The gravest difficulty of planning a trekking trip in Nepal lies in choosing an itinerary. In a country hosting eight of the world’s fourteen eight-thousander peaks and so great a number of immense mountain ranges, the possibilities are virtually unlimited, so that one will inevitably need to meditate upon the inadequacy of one human lifespan while in the process of selecting one.
Anyhow, in my case that choice happened to be, after all, the circuit of the great Annapurna Massif. That enormous bulk of rock and ice, located in the north-central Nepal, is defined by the Pokhara valley on the south, the Kali Gandaki Gorge on the west and the Marshyangdi River on the east and north. It contains sixteen peaks over 6000 m, thirteen over 7000 m and, of course, the 8091 meters tall Annapurna I, the all-renowned tenth highest mountain of the world. This latter one is considered the most dangerous summit ascent in the world. As of March 2012, 191 people had climbed it successfully and another 61 died trying, giving it a 32% fatality ratio.
The classic Annapurna circuit trek, the circumference of the entire massif, starts from the town of Besisahar on the southeast and circling the massif anti-clockwise terminates at Beni village on the southwest, covering a distance of ca 230 km through mountainous landscapes of extraordinary beauty. The trek takes commonly 15-20 days, and there is a great multitude of trekking agencies in Kathmandu and elsewhere in the country eager to organize your trek for fairly modest prices.
However the trek is fairly easy and straightforward to be completed independently by anyone who believes – what I personally do – that, exactly as in life itself, the most satisfying part of a trekking adventure is to be actually leading it.
In order to trek Annapurna independently a permit (TIMS and ACAP cards) must be obtained by the Nepal Tourism Board. I did that at their office in Kathmandu (Pradarshani Marg, Kathmandu 44617, Nepal) consuming less than 1 hour and paying 40$ all in all (20$ for each of the cards).
The most favorable, climatewise, season to do the trek is from October to November after the monsoons secede by late September and before temperatures sink to harsh levels in the winter months. In my opinion, however, I deem September to be the best month. The rains, even though occurring, are not as frequent and heavy as in the summer months. And you have to share the trails with fewer by several hundredfold percent other people than in the two following months, which fact also renders prices of commodities along the way by far cheaper.
So, that morning in September I was boarding that derelict bus at Kathmandu bus station bound for Besisahar. According to the guy who sold me the ticket, the trip would last for about four hours, though I did not believe it could take less than seven. After about ten hours we had finally reached our destination.

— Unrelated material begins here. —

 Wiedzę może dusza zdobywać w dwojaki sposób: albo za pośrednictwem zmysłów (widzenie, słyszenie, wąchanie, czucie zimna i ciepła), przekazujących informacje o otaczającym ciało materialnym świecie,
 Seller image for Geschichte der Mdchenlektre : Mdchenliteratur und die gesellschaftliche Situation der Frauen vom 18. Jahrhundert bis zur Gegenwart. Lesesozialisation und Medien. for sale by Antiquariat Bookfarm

I wandered around the small town’s dark streets for quite some time, and stopped by at pretty much all the guesthouses I found, till I managed to negotiate a fair price for spending my night at one of them. My original idea was to complete this trip alone and generally refrain from using my tongue much throughout it. However, from that night already, I was to quit this idea. It was that girl that happened to be playing football with the neighborhood’s boys right in the street outside my guesthouse. We soon got to speak to each other. She was actually the only foreigner I got to see that whole day, and out of a strange coincidence, she was about to start the Annapurna Circuit in the next morning, exactly as I was. She was Maral from Iran, good-natured girl with high morale. So, next morning by 8 am we were starting together our long trip to circle the Annapurna Massif.
Day 1, from Besisahar to Ghermu
We took a steep trail getting us down to the ravine, and we were soon crossing that sketchy wooden bridge over to the east bank of the raging Marshyangdi River. The weather was sulky and was to remain so for all the rest of the day. Although, fortunately, no rain fell, with the exception of a brief dribbling, which coincided to occur right while we had stopped for lunch at one of the first villages to be found along the river’s bank.
Early afternoon, and so far we had perceived no sign of other trekkers. Until, in a very suddenly expressed moment, I heard someone’s tread approaching us hastily from behind. A short instance later I turned my head to see that Peter-Pan-looking guy slowing down his pace and pantingly uttering “Hi! I’m Kasper!”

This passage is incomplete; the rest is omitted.